# Salt Fork Monday-Anybody going?



## I_WALL_I (Apr 27, 2006)

Wave and I are gonna hit SF for eyes Monday, see if we can get into some... if you're out, we'll be around the dam area or cabin bay!! Does anybody have any hot colors or depths, tips or areas for a Christmas present? Hope all have a safe and MERRY CHRISTMAS!!!


----------



## wave warrior (Oct 2, 2005)

I_WALL_I said:


> Wave and I are gonna hit SF for eyes Monday, see if we can get into some... if you're out, we'll be around the dam area or cabin bay!! Does anybody have any hot colors or depths, tips or areas for a Christmas present? Hope all have a safe and MERRY CHRISTMAS!!!

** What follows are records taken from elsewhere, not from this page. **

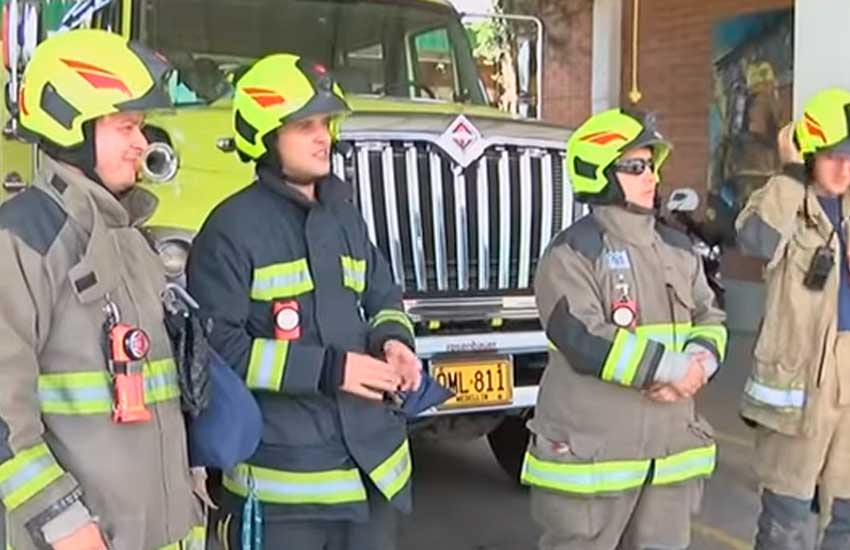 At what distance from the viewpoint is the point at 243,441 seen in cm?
282

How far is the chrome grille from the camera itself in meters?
4.79

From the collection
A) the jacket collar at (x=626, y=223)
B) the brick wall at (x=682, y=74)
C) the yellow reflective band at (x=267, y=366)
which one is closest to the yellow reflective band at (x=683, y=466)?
the jacket collar at (x=626, y=223)

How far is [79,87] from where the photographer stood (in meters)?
2.48

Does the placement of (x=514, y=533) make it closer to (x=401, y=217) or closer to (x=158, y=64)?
(x=401, y=217)

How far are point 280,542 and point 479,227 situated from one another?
212cm

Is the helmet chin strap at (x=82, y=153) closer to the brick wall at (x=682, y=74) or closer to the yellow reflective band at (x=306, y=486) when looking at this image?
the yellow reflective band at (x=306, y=486)

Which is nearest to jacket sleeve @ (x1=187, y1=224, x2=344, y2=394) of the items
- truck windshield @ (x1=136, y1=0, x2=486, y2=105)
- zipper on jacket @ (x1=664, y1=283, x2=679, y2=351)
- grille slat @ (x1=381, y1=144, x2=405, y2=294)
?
zipper on jacket @ (x1=664, y1=283, x2=679, y2=351)

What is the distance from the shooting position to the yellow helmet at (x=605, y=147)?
3531 mm

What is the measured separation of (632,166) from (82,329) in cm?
177

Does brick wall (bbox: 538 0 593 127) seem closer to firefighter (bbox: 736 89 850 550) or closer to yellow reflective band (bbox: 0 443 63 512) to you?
firefighter (bbox: 736 89 850 550)

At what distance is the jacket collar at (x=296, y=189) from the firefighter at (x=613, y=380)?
0.72m

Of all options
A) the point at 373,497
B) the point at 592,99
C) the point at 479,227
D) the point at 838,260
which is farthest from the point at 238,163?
the point at 592,99

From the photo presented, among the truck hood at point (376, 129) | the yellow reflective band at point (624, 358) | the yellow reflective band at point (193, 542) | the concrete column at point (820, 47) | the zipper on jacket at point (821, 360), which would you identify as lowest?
the yellow reflective band at point (193, 542)

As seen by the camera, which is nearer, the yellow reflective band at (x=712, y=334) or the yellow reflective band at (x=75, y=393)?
the yellow reflective band at (x=75, y=393) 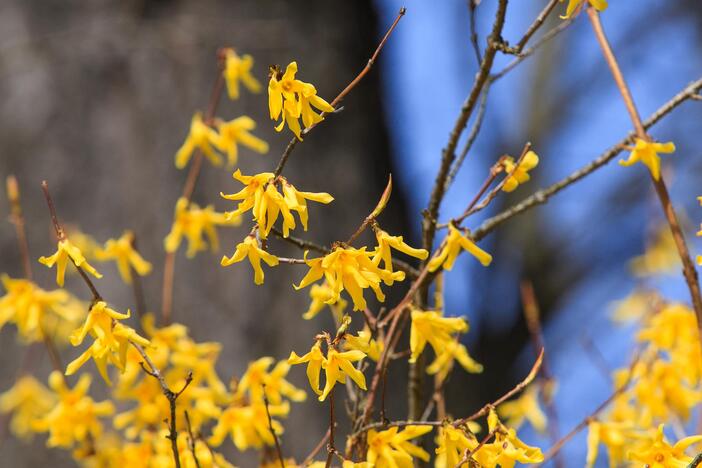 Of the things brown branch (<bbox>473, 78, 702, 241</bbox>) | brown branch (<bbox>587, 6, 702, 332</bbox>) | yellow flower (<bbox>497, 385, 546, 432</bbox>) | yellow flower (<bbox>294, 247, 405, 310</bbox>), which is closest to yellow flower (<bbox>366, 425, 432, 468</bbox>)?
yellow flower (<bbox>294, 247, 405, 310</bbox>)

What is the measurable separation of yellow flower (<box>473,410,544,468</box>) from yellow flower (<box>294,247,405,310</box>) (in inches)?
6.6

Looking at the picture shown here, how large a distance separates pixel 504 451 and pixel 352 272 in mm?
208

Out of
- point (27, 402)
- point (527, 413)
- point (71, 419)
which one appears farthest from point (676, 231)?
point (27, 402)

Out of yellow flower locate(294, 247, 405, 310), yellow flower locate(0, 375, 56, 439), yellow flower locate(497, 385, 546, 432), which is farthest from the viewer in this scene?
yellow flower locate(0, 375, 56, 439)

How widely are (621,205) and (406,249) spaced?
353cm

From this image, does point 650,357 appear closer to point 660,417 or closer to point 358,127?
point 660,417

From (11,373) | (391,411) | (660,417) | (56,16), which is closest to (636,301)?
(391,411)

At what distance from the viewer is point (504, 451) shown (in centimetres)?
81

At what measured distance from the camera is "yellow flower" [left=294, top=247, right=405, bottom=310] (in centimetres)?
79

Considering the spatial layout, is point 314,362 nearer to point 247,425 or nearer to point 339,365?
point 339,365

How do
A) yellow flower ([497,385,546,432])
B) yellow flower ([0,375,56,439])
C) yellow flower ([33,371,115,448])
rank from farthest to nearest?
yellow flower ([0,375,56,439]) → yellow flower ([497,385,546,432]) → yellow flower ([33,371,115,448])

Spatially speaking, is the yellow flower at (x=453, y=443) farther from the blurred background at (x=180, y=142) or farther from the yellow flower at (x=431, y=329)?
the blurred background at (x=180, y=142)

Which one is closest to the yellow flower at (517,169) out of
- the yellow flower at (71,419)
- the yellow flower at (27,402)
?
the yellow flower at (71,419)

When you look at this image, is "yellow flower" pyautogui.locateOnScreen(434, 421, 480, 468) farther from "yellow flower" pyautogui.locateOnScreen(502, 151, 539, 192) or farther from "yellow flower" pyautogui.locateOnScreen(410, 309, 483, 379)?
"yellow flower" pyautogui.locateOnScreen(502, 151, 539, 192) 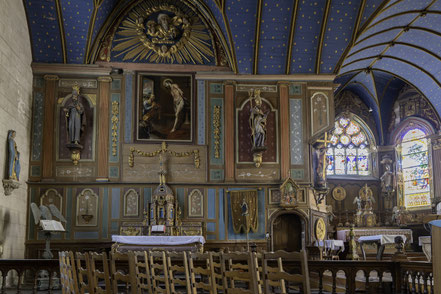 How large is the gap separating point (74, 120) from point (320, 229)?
26.4ft

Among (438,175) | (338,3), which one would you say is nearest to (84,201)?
(338,3)

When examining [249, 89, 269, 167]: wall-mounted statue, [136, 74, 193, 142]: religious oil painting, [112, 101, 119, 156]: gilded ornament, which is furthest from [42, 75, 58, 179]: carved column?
[249, 89, 269, 167]: wall-mounted statue

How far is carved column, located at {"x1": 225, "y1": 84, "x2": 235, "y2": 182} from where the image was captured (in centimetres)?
1747

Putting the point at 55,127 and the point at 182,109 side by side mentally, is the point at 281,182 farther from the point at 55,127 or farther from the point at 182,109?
the point at 55,127

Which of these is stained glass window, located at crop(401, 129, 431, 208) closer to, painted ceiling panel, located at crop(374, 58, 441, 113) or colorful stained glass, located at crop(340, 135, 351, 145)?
painted ceiling panel, located at crop(374, 58, 441, 113)

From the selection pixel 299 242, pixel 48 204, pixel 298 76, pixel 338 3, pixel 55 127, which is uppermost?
pixel 338 3

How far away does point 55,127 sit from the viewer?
56.3 feet

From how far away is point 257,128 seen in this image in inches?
679

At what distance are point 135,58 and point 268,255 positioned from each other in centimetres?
1414

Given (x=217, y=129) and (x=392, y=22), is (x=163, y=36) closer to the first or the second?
(x=217, y=129)

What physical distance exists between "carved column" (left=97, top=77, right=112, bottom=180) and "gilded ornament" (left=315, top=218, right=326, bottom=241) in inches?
256

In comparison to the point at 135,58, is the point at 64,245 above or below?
below

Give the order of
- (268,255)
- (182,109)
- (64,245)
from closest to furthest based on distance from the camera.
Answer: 1. (268,255)
2. (64,245)
3. (182,109)

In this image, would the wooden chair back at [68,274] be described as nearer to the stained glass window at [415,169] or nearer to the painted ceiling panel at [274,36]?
the painted ceiling panel at [274,36]
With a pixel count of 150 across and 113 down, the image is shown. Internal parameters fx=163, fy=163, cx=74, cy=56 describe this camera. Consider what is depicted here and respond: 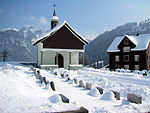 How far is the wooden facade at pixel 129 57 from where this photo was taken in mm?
34688

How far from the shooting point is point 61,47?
26.0 meters

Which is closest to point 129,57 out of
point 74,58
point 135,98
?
point 74,58

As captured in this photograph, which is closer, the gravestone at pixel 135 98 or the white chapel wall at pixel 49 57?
the gravestone at pixel 135 98

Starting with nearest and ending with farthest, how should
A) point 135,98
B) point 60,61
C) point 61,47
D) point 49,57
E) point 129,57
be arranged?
point 135,98 < point 61,47 < point 49,57 < point 60,61 < point 129,57

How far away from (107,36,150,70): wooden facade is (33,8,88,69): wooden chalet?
556 inches

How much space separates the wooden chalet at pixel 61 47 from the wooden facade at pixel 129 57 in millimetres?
14117

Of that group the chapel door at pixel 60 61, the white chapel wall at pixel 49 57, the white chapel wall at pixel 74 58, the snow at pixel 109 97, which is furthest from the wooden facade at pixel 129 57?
the snow at pixel 109 97

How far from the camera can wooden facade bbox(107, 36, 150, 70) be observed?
34.7m

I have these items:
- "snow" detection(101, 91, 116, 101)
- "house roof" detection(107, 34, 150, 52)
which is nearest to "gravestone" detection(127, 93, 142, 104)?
"snow" detection(101, 91, 116, 101)

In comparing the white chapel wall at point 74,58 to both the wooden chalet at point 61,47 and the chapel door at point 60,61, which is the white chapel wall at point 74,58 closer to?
the wooden chalet at point 61,47

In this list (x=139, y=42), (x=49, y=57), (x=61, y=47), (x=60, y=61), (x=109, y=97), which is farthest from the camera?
(x=139, y=42)

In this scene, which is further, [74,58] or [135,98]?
[74,58]

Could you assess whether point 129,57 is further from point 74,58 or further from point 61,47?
point 61,47

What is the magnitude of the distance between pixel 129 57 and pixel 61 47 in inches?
721
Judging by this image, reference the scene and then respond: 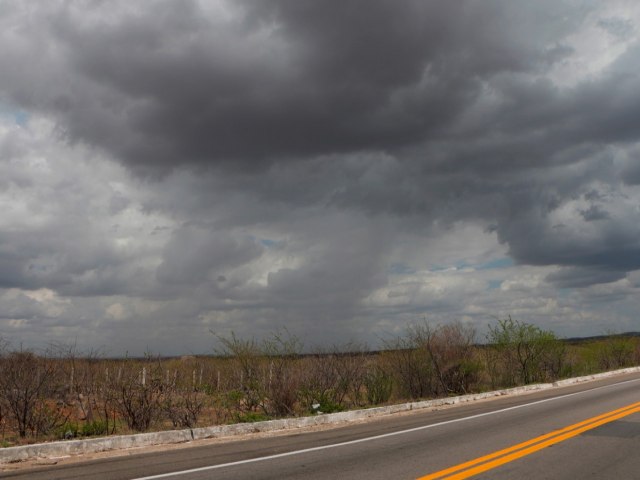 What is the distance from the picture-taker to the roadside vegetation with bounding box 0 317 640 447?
1505cm

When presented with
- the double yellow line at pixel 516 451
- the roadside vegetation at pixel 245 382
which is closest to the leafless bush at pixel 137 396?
the roadside vegetation at pixel 245 382

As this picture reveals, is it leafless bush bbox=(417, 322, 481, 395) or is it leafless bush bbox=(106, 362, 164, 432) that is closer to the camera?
leafless bush bbox=(106, 362, 164, 432)

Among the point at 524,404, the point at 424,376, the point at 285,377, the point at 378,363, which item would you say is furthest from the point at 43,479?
the point at 424,376

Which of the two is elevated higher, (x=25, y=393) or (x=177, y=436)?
(x=25, y=393)

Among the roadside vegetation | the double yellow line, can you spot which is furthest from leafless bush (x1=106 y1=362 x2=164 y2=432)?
the double yellow line

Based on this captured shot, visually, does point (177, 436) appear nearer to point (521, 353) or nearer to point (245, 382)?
point (245, 382)

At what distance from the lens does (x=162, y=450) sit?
1181 centimetres

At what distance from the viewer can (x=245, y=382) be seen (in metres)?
20.6

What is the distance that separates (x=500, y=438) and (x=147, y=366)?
10334mm

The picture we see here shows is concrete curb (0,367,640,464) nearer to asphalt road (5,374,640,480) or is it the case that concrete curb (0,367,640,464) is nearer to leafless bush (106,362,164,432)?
asphalt road (5,374,640,480)

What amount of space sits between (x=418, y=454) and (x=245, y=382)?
37.3 feet

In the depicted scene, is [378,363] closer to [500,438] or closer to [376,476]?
[500,438]

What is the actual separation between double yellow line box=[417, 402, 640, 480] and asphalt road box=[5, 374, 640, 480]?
0.02m

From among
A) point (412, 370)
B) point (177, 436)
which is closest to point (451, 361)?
point (412, 370) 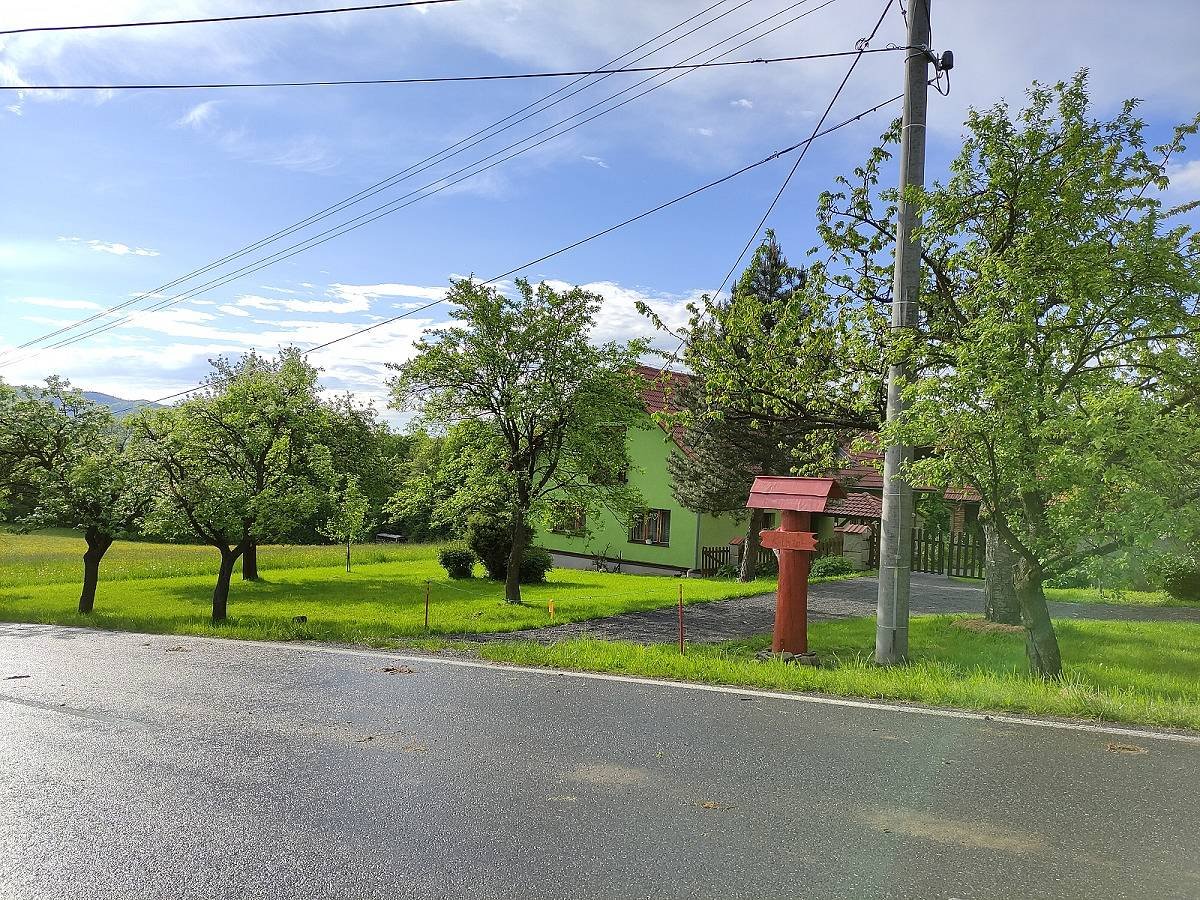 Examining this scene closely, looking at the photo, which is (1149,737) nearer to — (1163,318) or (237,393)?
(1163,318)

yes we welcome gifts in the form of tips/colors etc. havent been able to dial in yet but i think we are getting close to finding a pattern that works. we shall see! if your out we will be in my 12' green alum.v w camo motor, red F250

also Jeff AKA I_WALL_I will likely be sporting his santa hat...AGAIN LOL!!


----------



## markfish (Nov 22, 2007)

well guys i dont fish there but if i were i wouild use suspending jerk all day black/silver and blue/silver and clown and let it sit they should drill it pretty hard,good luck markfish


----------



## fatkid (Oct 14, 2006)

leaving now


----------



## Tiny Tim (Sep 19, 2006)

Good Luck Kid!!! Let me know how you do. I had to work today and wasnt able to get out of it. Will be off the next 3 days tho. 90% chance of rain tomorrow. Looks like I will be getting my butt wet. AGAIN!!!!!!!!!!


----------



## wave warrior (Oct 2, 2005)

we got i saugeye mid day and alot of crappie white bass and a channel cat, great day to be out! sounds like fatkid and crew had a good morning bite, but we didnt get there till 9ish. nice chattin' with you guys, hope to get back in a few days and catch the early bite!!!


----------



## I_WALL_I (Apr 27, 2006)

Got enough for a meal, had a good time as always! This time of year we should BE DRILLIN', but if we can boat year round, that's good too. Water 42 degrees.. A vex is a wonderful thing, nice to see the crappie attack on it!! (like practicing ice fishing) got the eye on red/gold vibee in 31' of water..I'll be out next weekend!!! Fatkid, nice meeting you all, hope your' "bass friends" liked it! By the way, who won? :B


----------



## fishing_marshall (Jun 12, 2004)

Me and my brother were out yesterday from 12-5:15. No eyes for us. We got 3 nice size crappie, 4 white bass, and a channel cat.


----------



## I_WALL_I (Apr 27, 2006)

Hey Marshall! We left right before you. Were you in that pack of boats around the bend from the ramp at 4:30 ish? Saw 5-6 boats close together, figured they must be on 'em..


----------



## fishing_marshall (Jun 12, 2004)

Yeah I was in that pack in the white spectrum.


----------



## fatkid (Oct 14, 2006)

well we ended up with 7 keeper eyes 11 total for the day we also had 4 keeper crappie . guy in the middle won lol. he worked me what can i say they stuck me in the back of the boat. morning bite was the best and vibes worked the best . i got my 2 keepers on a jigging spoon . I feel that either u are on them or not down there. last week you found huge pods of fish and the fishing was great . this week bait is scattered and fishing was tuff.hope to get out next mon . but not sure . lets keep this forum going anyone that fishes salt fork leave your report here. wall and warrier keep us posted on that ice if we get it.


----------



## shroomhunter (Aug 6, 2004)

Hope to be there Thursday, not sure if I'll have company or not yet but am planning on going.


----------



## Flipp (Apr 5, 2004)

hey guys how far do they have the water down? have you been putting in at morning glory? thanks


----------



## wave warrior (Oct 2, 2005)

mushroomman said:


> Hope to be there Thursday, not sure if I'll have company or not yet but am planning on going.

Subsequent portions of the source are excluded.